About this task: Everything from the line holding "[秋冬新品][限时8折]MOOSE KNUCKLES 女士拼接立领羊毛混纺外套" to the end of the listing below should be copied exactly, line for line, minus the pictures.

Data for processing:
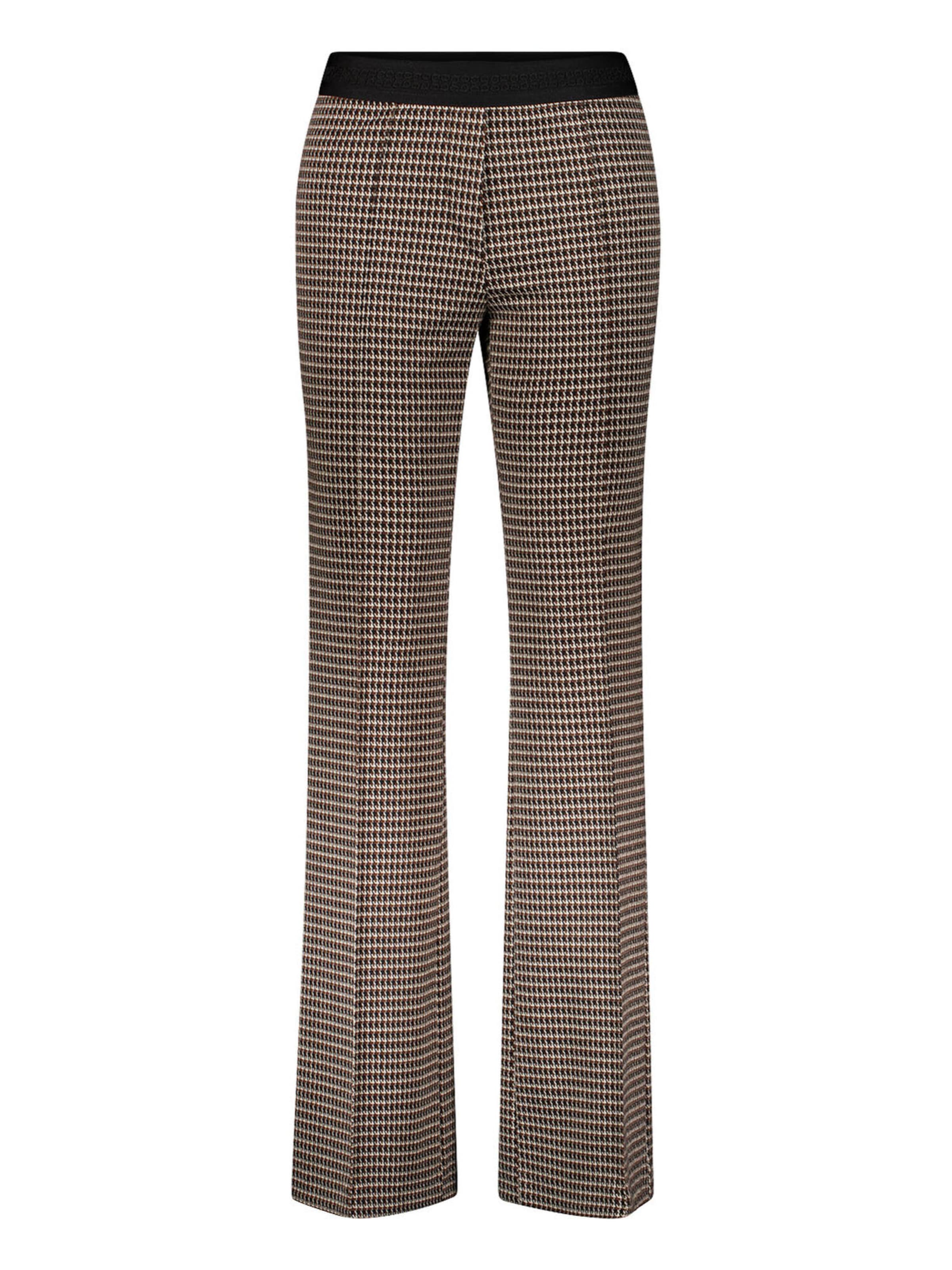 Gardeur Slim fit Trousers with creases 'Zaria' in Brown: front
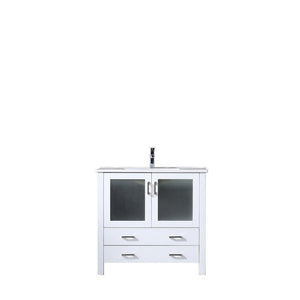 Volez 36" White Single Vanity | Integrated Top | White Integrated Square Sink and no Mirror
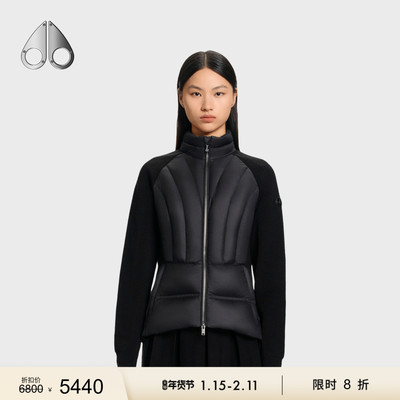 [秋冬新品][限时8折]MOOSE KNUCKLES 女士拼接立领羊毛混纺外套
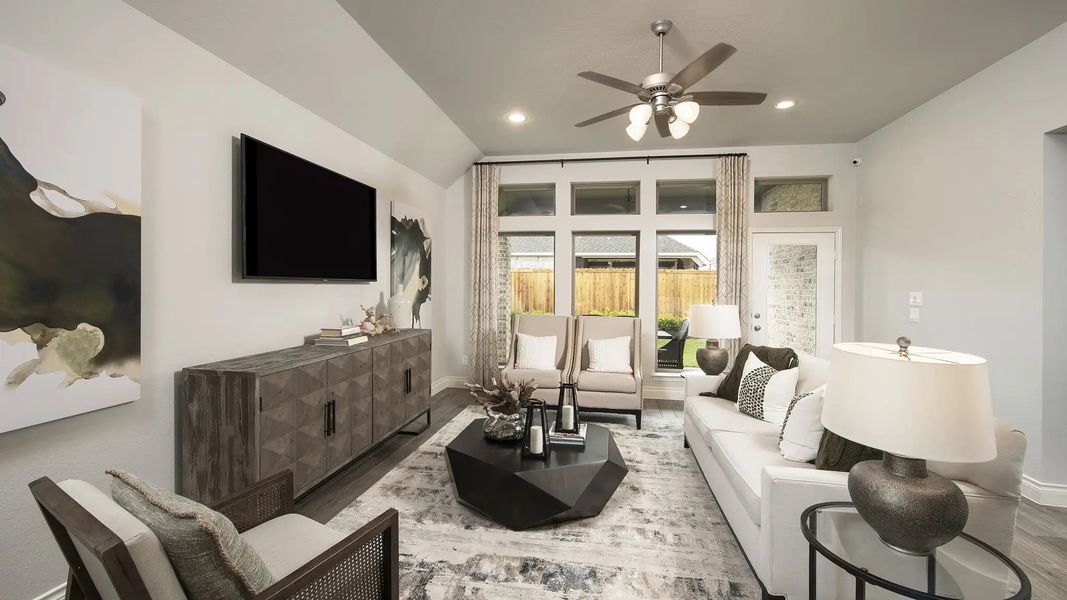 Furnished interior in a model home at Lakes Of Cane Island 45' in Katy (Image 12).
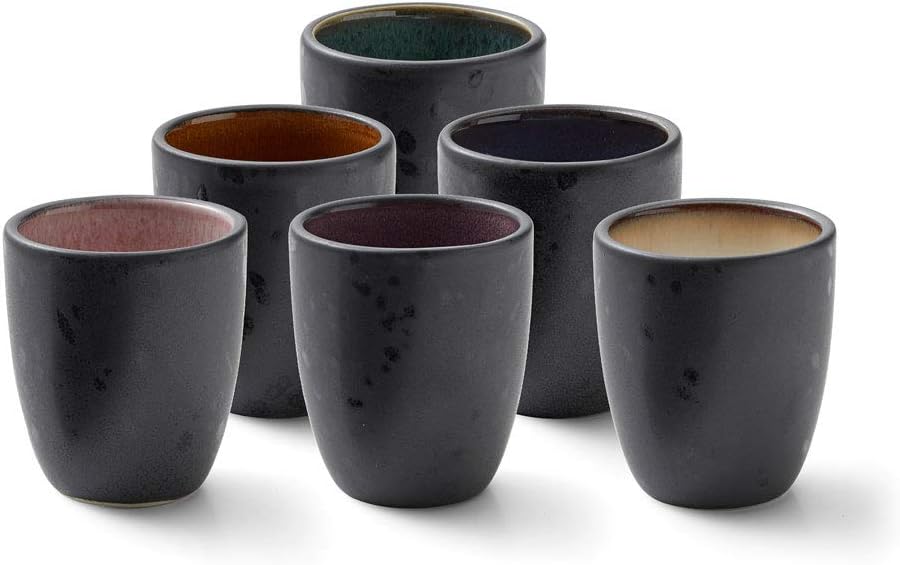BITZ Espressotassen, Tassen-Set für Kaffee und Espresso, aus Steinzeug, 10 cl, Spülmaschinenfest, Set aus 6 Stück
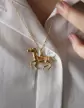 Pendentif Cheval au Galop en Or Massif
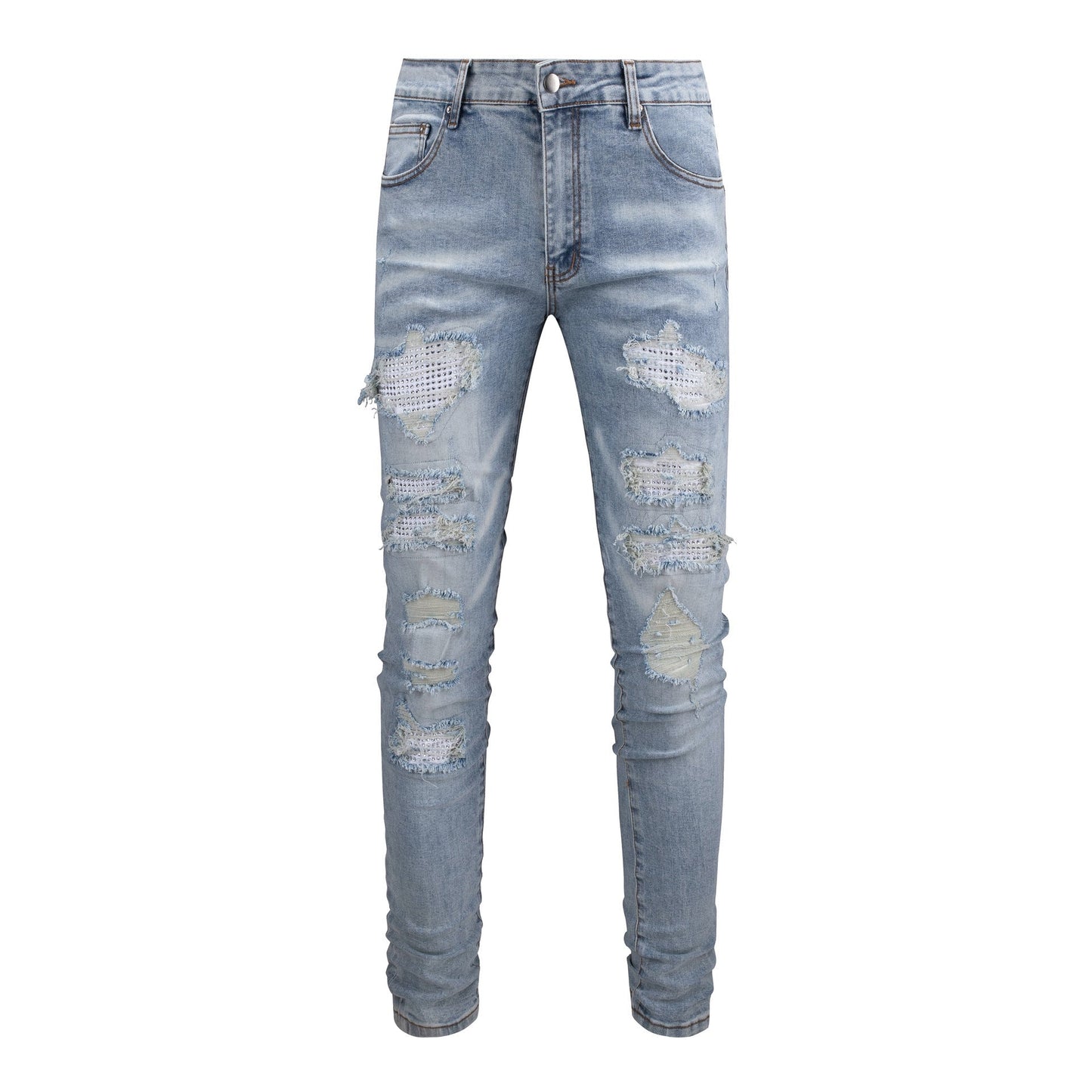 Men's Slim Fit White Jeans with Rhinestone Patches and Distressed Design 808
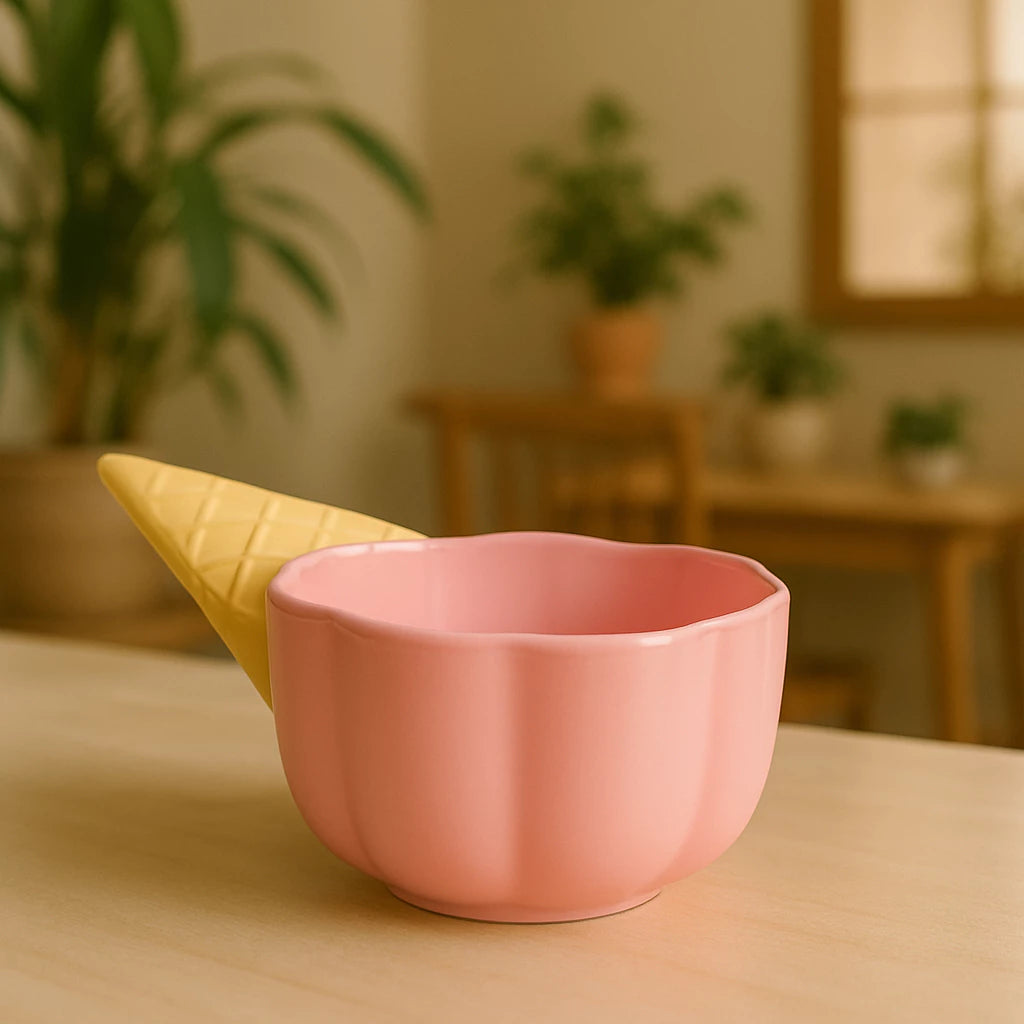 Bowl Cerâmica Em Forma De Casquinha Sorvete Para Sobremesas
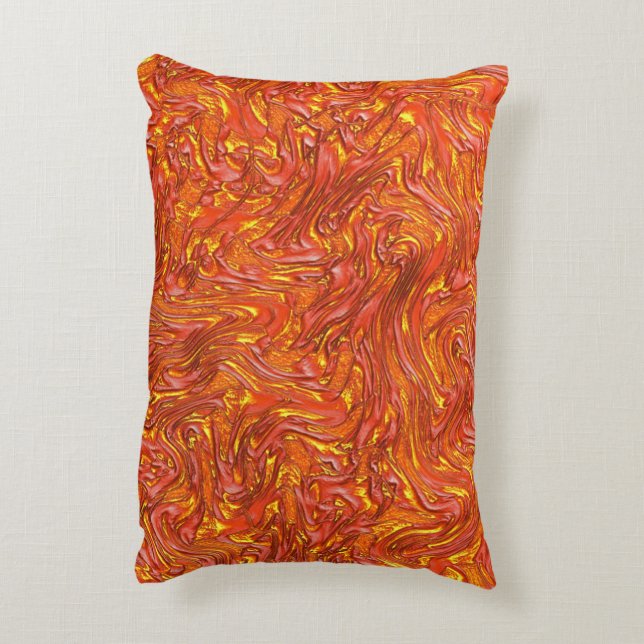 Lebhafte, rote Textur mit gelben Farbtönen Dekokissen (Rückseite(Vertikal))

Result:
 [秋冬新品][限时8折]MOOSE KNUCKLES 女士拼接立领羊毛混纺外套
 Furnished interior in a model home at Lakes Of Cane Island 45' in Katy (Image 12).
BITZ Espressotassen, Tassen-Set für Kaffee und Espresso, aus Steinzeug, 10 cl, Spülmaschinenfest, Set aus 6 Stück
 Pendentif Cheval au Galop en Or Massif
 Men's Slim Fit White Jeans with Rhinestone Patches and Distressed Design 808
 Bowl Cerâmica Em Forma De Casquinha Sorvete Para Sobremesas
 Lebhafte, rote Textur mit gelben Farbtönen Dekokissen (Rückseite(Vertikal))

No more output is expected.